### Data for review:
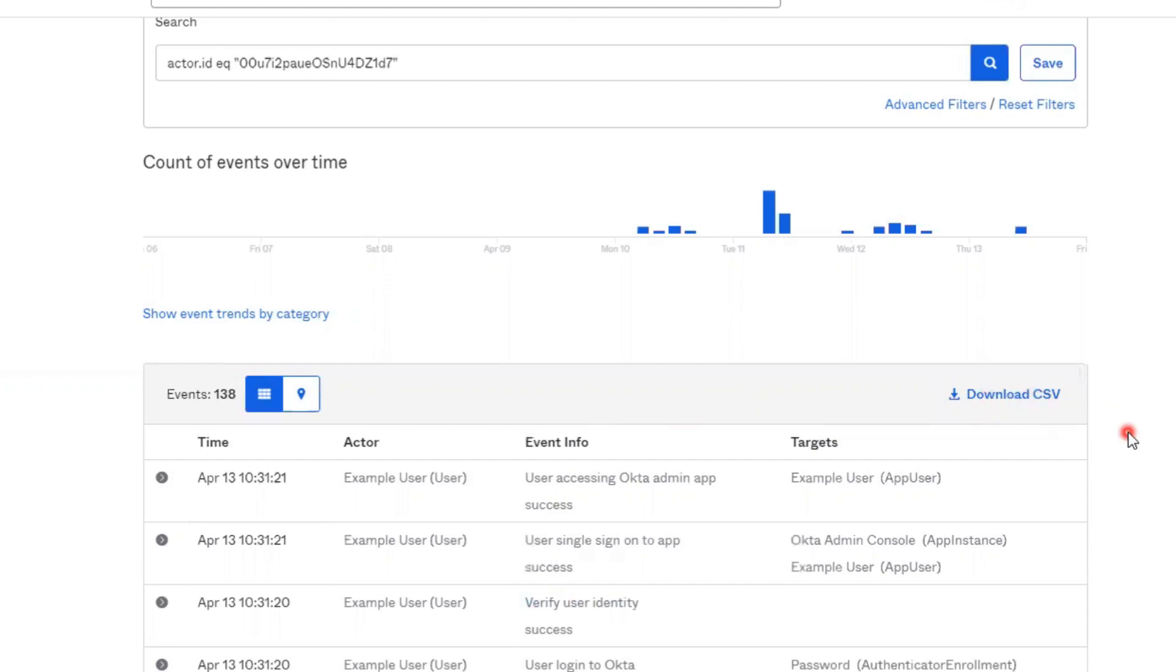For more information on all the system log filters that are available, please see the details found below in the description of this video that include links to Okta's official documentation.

---

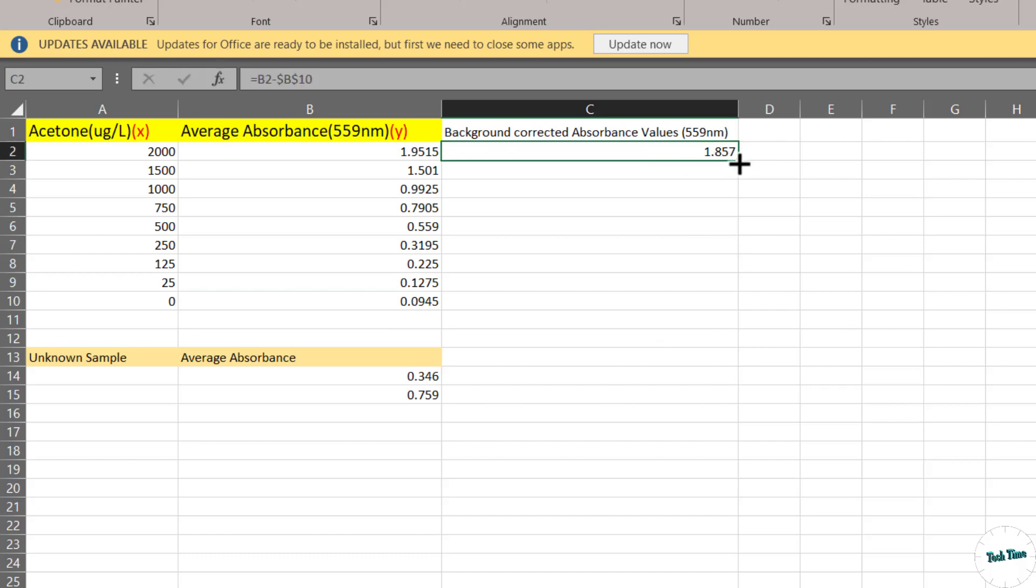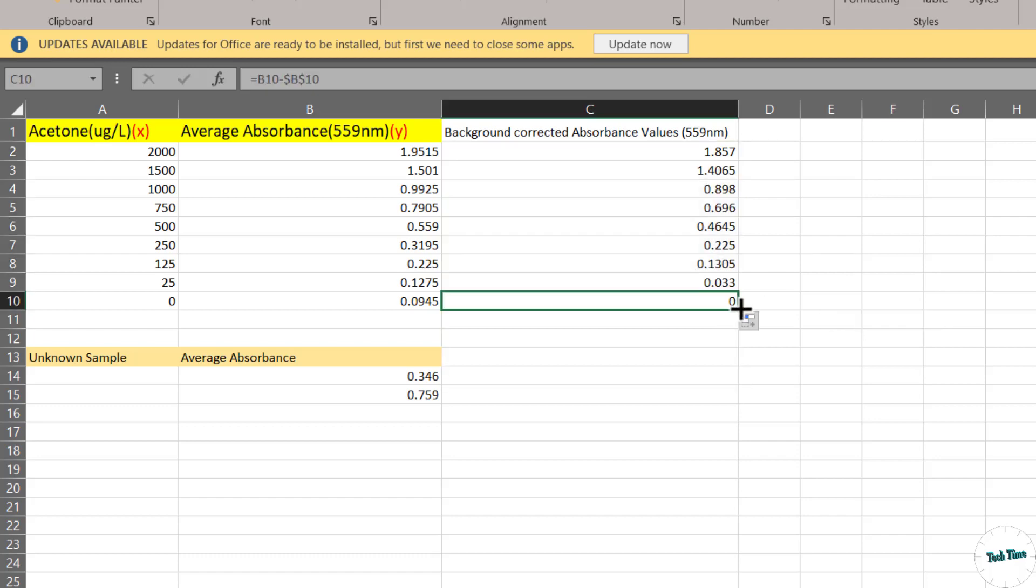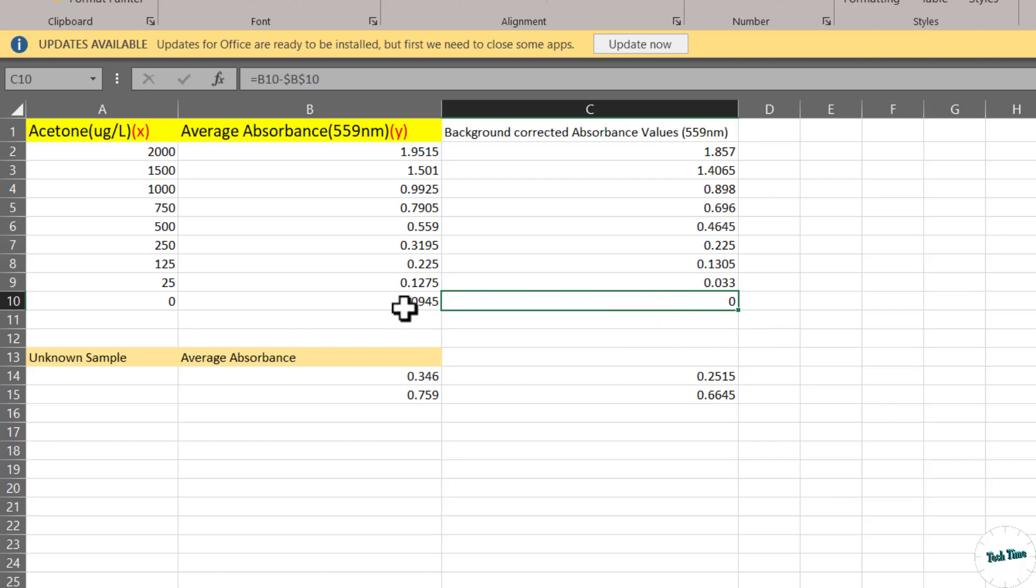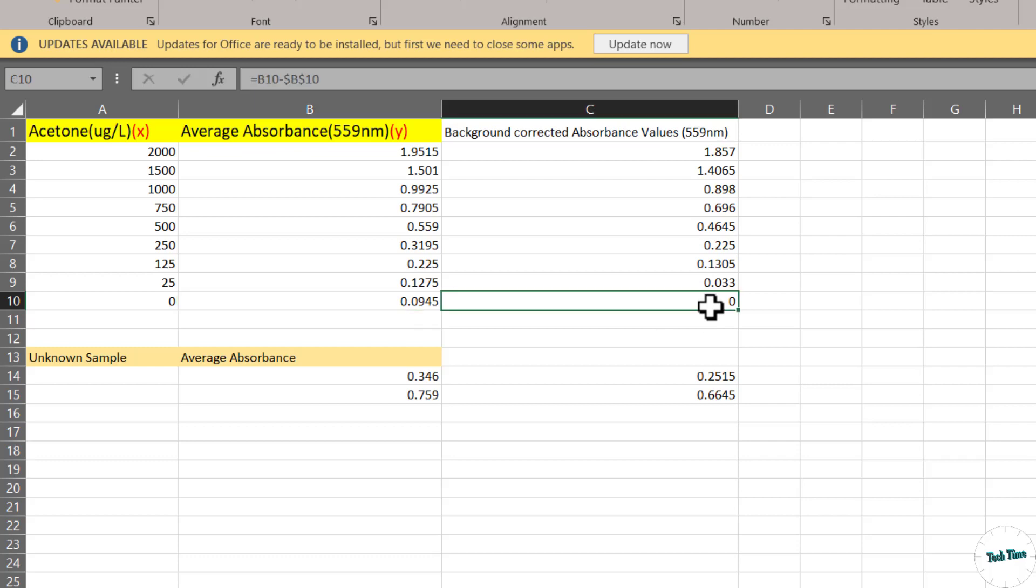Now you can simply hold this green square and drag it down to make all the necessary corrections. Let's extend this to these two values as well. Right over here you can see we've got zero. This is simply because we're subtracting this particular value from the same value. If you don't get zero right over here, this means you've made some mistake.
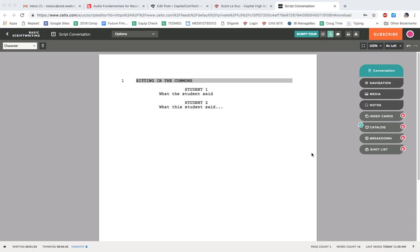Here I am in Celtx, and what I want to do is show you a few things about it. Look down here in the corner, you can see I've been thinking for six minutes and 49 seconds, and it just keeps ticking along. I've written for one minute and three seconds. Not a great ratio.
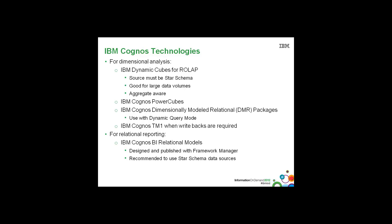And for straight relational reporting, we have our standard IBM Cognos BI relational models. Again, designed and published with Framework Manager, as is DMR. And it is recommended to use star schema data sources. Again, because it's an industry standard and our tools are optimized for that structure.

### About this task:
Although pictures appear among the records above, write out exactly only the lines from the one that has "Now you can" through the one that has "Here I am in", and leave the pictures out.

### Output for this exercise:
Now you can simply hold this green square and drag it down to make all the necessary corrections. Let's extend this to these two values as well. Right over here you can see we've got zero. This is simply because we're subtracting this particular value from the same value. If you don't get zero right over here, this means you've made some mistake.
Here I am in Celtx, and what I want to do is show you a few things about it. Look down here in the corner, you can see I've been thinking for six minutes and 49 seconds, and it just keeps ticking along. I've written for one minute and three seconds. Not a great ratio.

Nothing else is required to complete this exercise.